The mechanism: Since 2019, Washington has run a two-track campaign against foreign tech in U.S. networks — the FCC's "covered list" bans Huawei and ZTE gear from federally subsidized networks, the Secure and Trusted Communications Networks Act forces small carriers to physically rip out and replace that equipment, and executive-branch app bans (TikTok divestiture, Kaspersky software) extend the logic to software. The 2024 NDAA authorized the FCC to borrow $3.08 billion from Treasury to close a reimbursement shortfall — carriers had asked for roughly $4.98 billion against an original $1.9 billion appropriation. That loan gets repaid from Auction 113 spectrum proceeds, which cleared $3.1 billion-plus in June. The intuitive trade is "ban foreign gear, buy American cyber tools." It doesn't work that way: the freed-up capital is earmarked, tracked, and spent almost entirely on physical network hardware — radios, routers, power supplies, cable — not endpoint detection or zero-trust licenses.

Who cashes in: The real winners are the replacement-equipment vendors, not cybersecurity software.
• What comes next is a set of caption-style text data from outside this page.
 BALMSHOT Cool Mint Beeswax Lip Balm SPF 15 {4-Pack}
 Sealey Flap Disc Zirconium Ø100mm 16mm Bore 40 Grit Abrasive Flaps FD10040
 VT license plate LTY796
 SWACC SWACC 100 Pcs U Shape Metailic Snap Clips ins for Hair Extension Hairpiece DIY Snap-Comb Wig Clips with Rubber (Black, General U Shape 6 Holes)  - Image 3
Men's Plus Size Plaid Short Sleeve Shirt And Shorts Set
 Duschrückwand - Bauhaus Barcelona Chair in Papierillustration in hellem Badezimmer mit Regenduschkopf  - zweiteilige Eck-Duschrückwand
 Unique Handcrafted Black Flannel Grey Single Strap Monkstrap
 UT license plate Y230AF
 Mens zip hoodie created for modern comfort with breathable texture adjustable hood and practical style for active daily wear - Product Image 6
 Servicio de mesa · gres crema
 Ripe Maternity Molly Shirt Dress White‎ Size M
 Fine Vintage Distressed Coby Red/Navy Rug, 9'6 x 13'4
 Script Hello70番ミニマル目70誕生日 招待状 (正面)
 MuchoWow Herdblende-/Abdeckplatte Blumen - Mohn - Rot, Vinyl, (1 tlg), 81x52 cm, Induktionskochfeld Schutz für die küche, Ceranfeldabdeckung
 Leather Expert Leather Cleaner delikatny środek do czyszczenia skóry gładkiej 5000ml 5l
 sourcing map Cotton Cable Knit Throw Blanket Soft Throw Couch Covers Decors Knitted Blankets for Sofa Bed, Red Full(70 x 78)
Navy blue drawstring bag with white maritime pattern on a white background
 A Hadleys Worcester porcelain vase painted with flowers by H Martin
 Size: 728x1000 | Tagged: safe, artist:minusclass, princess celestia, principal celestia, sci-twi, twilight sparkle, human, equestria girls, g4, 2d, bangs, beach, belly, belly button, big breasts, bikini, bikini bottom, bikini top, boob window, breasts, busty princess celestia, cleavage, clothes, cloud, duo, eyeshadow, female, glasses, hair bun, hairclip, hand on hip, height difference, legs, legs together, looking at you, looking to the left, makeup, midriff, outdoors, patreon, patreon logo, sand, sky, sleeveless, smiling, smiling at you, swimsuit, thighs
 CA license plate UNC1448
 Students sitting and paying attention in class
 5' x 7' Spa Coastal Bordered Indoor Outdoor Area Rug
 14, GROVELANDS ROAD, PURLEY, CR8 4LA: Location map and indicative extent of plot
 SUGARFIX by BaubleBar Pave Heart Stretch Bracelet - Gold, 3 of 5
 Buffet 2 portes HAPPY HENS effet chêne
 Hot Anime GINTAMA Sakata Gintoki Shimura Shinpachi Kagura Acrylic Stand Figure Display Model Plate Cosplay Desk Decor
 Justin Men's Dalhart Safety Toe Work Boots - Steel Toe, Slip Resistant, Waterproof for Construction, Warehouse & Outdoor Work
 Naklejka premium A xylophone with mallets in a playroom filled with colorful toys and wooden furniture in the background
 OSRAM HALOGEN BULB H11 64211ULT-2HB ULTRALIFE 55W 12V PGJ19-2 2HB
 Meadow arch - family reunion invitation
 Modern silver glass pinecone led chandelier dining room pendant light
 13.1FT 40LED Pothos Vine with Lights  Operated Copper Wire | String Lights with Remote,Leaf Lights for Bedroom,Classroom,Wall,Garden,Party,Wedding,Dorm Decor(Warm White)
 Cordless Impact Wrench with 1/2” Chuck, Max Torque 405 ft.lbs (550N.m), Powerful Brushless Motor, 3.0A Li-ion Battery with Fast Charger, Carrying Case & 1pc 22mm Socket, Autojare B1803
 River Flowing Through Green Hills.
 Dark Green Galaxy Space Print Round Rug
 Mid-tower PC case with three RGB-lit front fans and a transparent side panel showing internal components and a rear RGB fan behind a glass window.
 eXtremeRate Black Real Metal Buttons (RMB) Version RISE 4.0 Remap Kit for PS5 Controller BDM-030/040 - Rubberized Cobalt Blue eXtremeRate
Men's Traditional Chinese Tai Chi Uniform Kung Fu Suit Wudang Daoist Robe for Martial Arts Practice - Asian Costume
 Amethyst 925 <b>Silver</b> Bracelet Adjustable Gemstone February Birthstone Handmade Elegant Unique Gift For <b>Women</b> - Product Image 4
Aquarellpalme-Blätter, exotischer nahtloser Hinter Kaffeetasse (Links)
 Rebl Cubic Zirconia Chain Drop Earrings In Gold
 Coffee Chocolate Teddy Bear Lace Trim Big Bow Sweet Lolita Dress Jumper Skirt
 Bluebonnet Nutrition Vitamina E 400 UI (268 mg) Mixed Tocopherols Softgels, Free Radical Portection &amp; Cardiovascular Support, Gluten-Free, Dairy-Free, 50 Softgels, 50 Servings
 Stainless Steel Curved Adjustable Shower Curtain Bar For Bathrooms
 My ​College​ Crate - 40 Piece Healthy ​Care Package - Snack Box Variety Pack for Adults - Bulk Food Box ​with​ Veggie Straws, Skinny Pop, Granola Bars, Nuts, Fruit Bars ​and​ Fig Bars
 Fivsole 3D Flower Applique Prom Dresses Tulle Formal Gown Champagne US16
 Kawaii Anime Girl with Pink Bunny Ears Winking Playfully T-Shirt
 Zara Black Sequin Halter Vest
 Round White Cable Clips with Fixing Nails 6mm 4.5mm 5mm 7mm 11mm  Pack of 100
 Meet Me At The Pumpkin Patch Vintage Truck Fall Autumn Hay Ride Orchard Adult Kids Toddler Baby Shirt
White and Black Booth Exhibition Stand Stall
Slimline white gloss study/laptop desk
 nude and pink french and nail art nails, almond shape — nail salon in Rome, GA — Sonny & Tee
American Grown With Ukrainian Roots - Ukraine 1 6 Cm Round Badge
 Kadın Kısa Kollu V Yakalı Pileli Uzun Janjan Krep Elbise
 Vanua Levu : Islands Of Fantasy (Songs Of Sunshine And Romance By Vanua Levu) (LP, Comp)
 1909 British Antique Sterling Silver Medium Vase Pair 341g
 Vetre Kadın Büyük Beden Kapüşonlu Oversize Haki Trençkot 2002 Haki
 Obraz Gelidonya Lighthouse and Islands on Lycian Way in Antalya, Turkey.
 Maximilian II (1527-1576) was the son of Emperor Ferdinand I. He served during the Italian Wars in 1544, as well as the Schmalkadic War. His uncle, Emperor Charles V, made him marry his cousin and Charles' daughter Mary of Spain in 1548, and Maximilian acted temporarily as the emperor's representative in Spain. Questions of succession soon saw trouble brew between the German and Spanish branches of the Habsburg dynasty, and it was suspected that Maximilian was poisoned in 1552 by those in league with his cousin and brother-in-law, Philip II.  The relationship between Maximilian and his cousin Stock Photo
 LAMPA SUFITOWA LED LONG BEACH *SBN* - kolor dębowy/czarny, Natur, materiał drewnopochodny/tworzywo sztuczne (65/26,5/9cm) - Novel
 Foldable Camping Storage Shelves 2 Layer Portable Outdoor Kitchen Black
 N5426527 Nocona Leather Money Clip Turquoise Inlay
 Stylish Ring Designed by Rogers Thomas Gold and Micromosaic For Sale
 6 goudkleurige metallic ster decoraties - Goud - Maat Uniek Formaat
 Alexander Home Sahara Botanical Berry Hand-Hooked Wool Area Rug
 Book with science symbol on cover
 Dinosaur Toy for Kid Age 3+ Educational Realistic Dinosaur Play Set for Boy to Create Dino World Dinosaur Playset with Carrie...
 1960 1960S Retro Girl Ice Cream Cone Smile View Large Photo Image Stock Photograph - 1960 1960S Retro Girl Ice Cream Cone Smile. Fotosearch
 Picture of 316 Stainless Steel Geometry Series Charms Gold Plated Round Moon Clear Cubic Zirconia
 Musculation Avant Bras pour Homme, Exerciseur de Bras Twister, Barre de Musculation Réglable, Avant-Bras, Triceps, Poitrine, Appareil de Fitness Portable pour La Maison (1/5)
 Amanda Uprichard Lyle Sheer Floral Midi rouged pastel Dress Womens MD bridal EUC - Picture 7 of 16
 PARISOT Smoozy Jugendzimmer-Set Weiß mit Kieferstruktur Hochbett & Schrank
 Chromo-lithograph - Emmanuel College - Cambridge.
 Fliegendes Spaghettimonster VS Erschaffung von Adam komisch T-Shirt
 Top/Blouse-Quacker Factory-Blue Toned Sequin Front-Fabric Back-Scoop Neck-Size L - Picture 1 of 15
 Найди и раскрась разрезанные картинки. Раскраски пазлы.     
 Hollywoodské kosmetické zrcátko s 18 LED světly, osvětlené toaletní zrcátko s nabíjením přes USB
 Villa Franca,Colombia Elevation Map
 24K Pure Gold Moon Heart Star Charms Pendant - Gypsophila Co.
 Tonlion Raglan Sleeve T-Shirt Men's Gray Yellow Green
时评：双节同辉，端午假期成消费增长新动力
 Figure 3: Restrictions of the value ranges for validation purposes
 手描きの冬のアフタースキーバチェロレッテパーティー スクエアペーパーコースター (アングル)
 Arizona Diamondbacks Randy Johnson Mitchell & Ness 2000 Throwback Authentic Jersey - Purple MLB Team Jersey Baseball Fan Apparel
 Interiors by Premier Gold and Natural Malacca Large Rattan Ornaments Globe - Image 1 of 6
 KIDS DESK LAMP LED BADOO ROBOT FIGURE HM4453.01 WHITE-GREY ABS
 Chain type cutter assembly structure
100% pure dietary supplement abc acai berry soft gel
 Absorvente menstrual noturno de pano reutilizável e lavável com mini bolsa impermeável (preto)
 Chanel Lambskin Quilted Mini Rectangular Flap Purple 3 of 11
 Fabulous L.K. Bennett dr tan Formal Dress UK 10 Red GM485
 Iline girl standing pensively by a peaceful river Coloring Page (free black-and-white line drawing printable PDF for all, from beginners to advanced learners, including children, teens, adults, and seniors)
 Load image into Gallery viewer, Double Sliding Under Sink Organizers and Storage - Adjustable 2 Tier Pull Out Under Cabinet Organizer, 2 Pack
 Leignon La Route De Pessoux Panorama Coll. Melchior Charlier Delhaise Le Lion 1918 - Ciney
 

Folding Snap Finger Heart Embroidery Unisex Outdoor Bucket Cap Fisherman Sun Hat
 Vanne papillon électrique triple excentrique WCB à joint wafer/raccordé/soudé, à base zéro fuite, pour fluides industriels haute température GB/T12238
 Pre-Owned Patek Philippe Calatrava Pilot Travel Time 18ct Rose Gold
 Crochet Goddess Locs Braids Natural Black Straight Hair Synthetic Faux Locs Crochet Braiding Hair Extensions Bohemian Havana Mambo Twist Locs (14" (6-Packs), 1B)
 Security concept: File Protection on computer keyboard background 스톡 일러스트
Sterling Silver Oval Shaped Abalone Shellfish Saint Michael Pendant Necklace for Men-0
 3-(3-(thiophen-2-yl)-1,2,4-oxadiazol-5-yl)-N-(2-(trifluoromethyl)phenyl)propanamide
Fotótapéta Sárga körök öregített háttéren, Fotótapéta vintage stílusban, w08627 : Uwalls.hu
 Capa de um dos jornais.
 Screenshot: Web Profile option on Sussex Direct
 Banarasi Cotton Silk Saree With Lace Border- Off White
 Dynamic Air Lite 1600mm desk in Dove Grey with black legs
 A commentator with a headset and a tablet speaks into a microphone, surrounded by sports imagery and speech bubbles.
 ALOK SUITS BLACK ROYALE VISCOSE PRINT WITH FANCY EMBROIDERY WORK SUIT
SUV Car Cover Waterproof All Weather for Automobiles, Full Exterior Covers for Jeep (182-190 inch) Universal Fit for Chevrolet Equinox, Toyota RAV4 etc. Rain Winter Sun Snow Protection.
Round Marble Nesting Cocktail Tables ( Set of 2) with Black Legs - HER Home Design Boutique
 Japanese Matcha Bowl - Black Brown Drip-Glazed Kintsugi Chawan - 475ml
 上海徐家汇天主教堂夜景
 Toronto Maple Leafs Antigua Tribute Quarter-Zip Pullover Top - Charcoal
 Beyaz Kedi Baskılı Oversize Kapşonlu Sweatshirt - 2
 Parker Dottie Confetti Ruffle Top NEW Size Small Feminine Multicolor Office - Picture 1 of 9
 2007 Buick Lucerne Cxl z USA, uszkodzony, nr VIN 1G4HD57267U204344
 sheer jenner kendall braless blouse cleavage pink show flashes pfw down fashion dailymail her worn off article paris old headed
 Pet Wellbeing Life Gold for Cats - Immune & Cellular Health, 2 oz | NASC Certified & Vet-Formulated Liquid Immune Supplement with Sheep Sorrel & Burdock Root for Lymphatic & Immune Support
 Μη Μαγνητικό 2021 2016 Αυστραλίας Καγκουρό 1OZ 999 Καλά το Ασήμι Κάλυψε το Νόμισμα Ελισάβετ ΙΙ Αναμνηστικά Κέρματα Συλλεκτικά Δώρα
Nokia (NOK) and Ericsson (ERIC) have already won the marquee rip-and-replace contracts — Nokia with Union Wireless, Ericsson taking the bulk of Viaero's funding request — because reimbursement dollars are contractually tied to buying new radio access network gear, not security tooling. Palantir (PLTR) is a partial beneficiary at the margins: its government-integration contracts benefit from the broader "trusted supply chain" push across DoD and intelligence-community procurement, where foreign-hardware exclusion rules feed its existing FedRAMP-adjacent footprint. That's adjacent money, not rip-and-replace money.